# Dallas Mavericks FA Thread



## kbdullah (Jul 8, 2010)

*In:*

Deron Williams
Wesley Matthews
Javale McGee
Jeremy Evans
Zaza Pachulia

*Out:*

Rajon Rondo
Monta Ellis
Tyson Chandler
Al-Farouq Aminu
Amare Stoudamire


----------



## kbdullah (Jul 8, 2010)

So far, our defense and rebounding have improved but our dribble penetration and free-throw making (looking at you, DJ) have taken a hit.


----------



## kbdullah (Jul 8, 2010)

__ https://twitter.com/i/web/status/617823512749740032


----------



## RollWithEm (Jul 16, 2002)

I heard they were closing a deal with Jeremy Lin. Any word on that?


----------



## kbdullah (Jul 8, 2010)

RollWithEm said:


> I heard they were closing a deal with Jeremy Lin. Any word on that?

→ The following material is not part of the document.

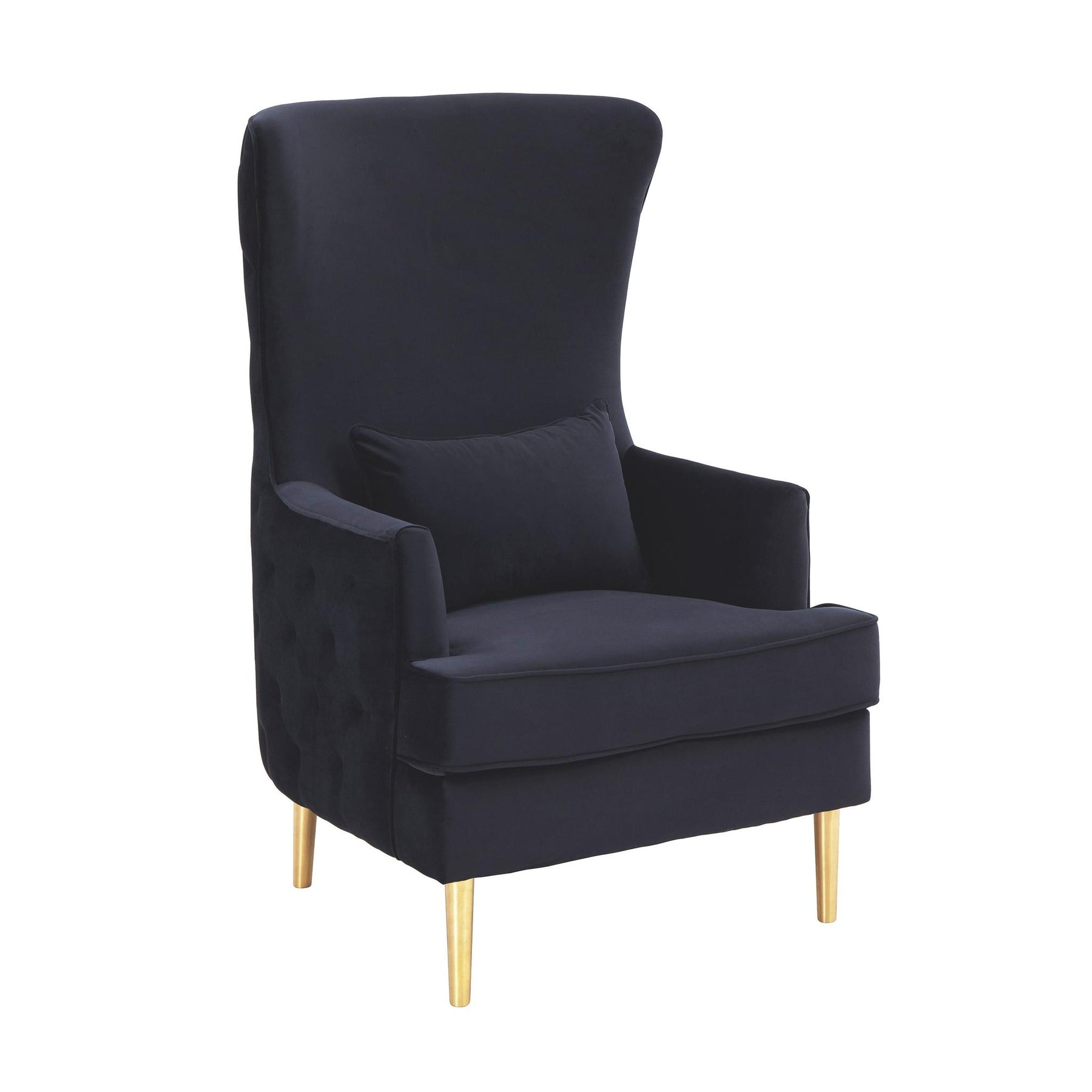 TOV Furniture Modern Alina Black Tall Tufted Back Chair - TOV-S6479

They need a sign and trade w/ the Lakers to do it. I think they have to do some other moves to clear up space or cap holds, but it should happen eventually.


----------



## kbdullah (Jul 8, 2010)

Sigh. Bump. Notice DeAndre Jordan is listed in both the IN and OUT sections lol. Bah.


----------



## RollWithEm (Jul 16, 2002)

This quickly became a pretty nice tanking roster. They can fill in the gaps with D-League guys and possibly finish in Wolves territory at the bottom of the West (below the Kings and Lakers).


----------



## kbdullah (Jul 8, 2010)

Dallas and Portland might have the worst rosters in the West. Kings have talent, but won't have chemistry. Lakers are a wild card, depending upon their rookies and Kobe's health.

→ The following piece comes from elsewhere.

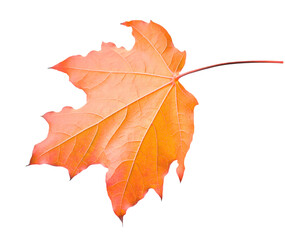 Close-up of a colorful autumn maple leaf isolated on transparent background. Vibrant orange and yellow tones highlight the beauty of fall season and natural details. PNG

I want the Mavericks to be bad enough to be a bottom 7 team overall, but still have enough talent that potential free agents see Dallas as a viable destination.


----------



## kbdullah (Jul 8, 2010)

Mavericks sign Javale McGee. 

I refuse to give him his own thread b/c I'm partially embarrassed. I just don't want to miss the playoffs while also producing a bunch of goofball lowlight reels.

http://www.mavs.com/mavericks-sign-center-javale-mcgee/?utm_source=FB&utm_medium=ORG&utm_content=JavaleSigned&utm_campaign=PRESS_081315


----------



## kbdullah (Jul 8, 2010)

DELETE. DOUBLE POST.


----------



## Bogg (May 4, 2009)

So long as he gets Boston a late lotto pick I'm happy.


----------